Al Jazeera adds Egyptian & Tunisian footage to the Creative Commons repository

Al Jazeera has just started updating the Creative Commons Al Jazeera repository which the channel created in early 2009 during the Gaza crisis. The Al Jazeera New Media team is working to update the repository with daily packages of footage coming from Egypt and Tunisia uprisings.

Having chosen the most “lenient” Creative Commons license, CC BY, Al Jazeera is  allowing anybody to take, copy, share, translate, remix, and even re-broadcast the footage for free under the only condition of attributing the original source.

This is a key move towards the circulation of information particularly during crisis, like the one currently happening in Egypt.
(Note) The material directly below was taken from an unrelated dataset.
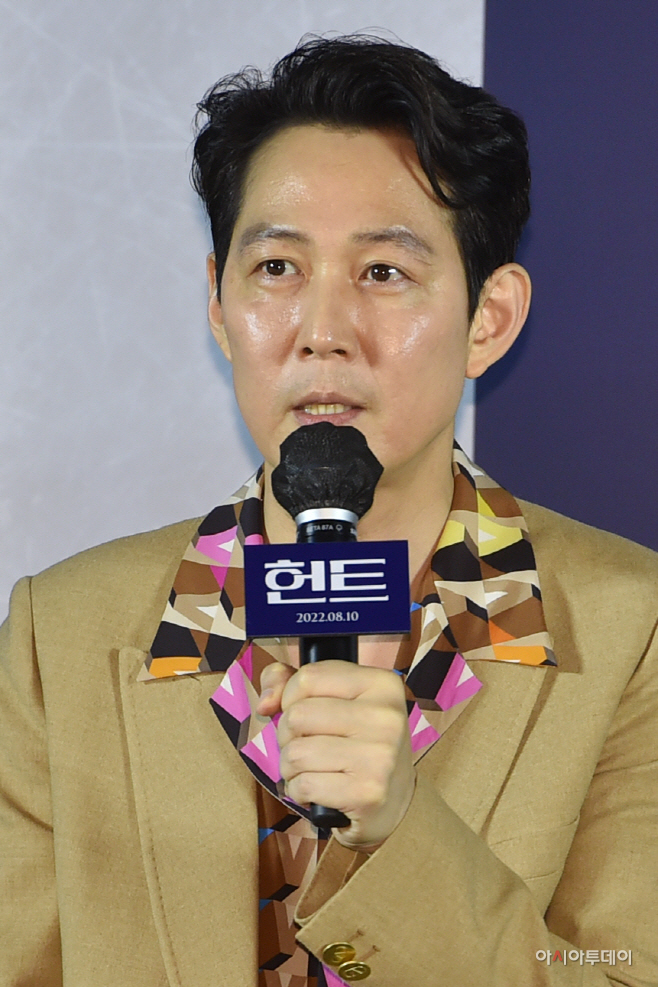 [포토] 이정재, 배우에서 감독으로~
Wired has commented the move here.

Today the Egyptian Ministry of Information prevented both Al Jazeera Arabic and English from operating within the country but the live coverage of the Egypt uprising continued thanks to mobile phones live coverage.

Since the beginning of the demonstrations, Al Jazeera Arabic and English have been covering Egypt extensively both through traditional broadcast and with an impressive online coverage on all the major social networks.

Egypt`s day of anger is Al Jazeera day, too

I have been watching Egypt`s “day of anger” today on many TV channels, English and Arabic: BBC Arabic, BBC World, Al Arabiya, Al Jazeera Arabic and English, CNN. I must admit that this time Al Jazeera English did really a great job, particularly their correspondent from Cairo Ayman Mohyeldin. Al Jazeera English live feed on the Internet has been providing constant live coverage today, even during the worst moments of Friday the 28th of January, when the police was  attacking Al Jazeera`s Cairo office and trying to stop the live broadcast. Al Jazeera Arabic and English also started tonight to release some of their Egyptian footage under a Creative Commons license, something which has been very warmly welcomed by Internet users that are in constant need of footage in these crisis situations.

On the contrary, Al Arabyia was quite “low profile” today and they even reported the totally random news that Internet had been shut down by Syrian authorities in Syria. The news is totally false, as I have been live tweeting from Syria during all Friday, as many other Syrian tweeps. Internet was very fast today  in Syria, as far as I can tell. It has never been so fast in the country since I am here, as much as it has never been raining like tonight and Damascus has never looked so quiet and gloomy as it was tonight.

picture by Paul Keller

Al Jazeera adds new footage under Creative Commons

Al Jazeera has started to add more footage to its Creative Commons Al Jazeera online repository. The footage is about daily life in Iraq and it seems more will be added, concerning other countries, very soon.  The footage is availale under CC BY license, the most “lenient” CC license which allows people to download, share, remix, translate, even re-sell under the only condition of attributing the source.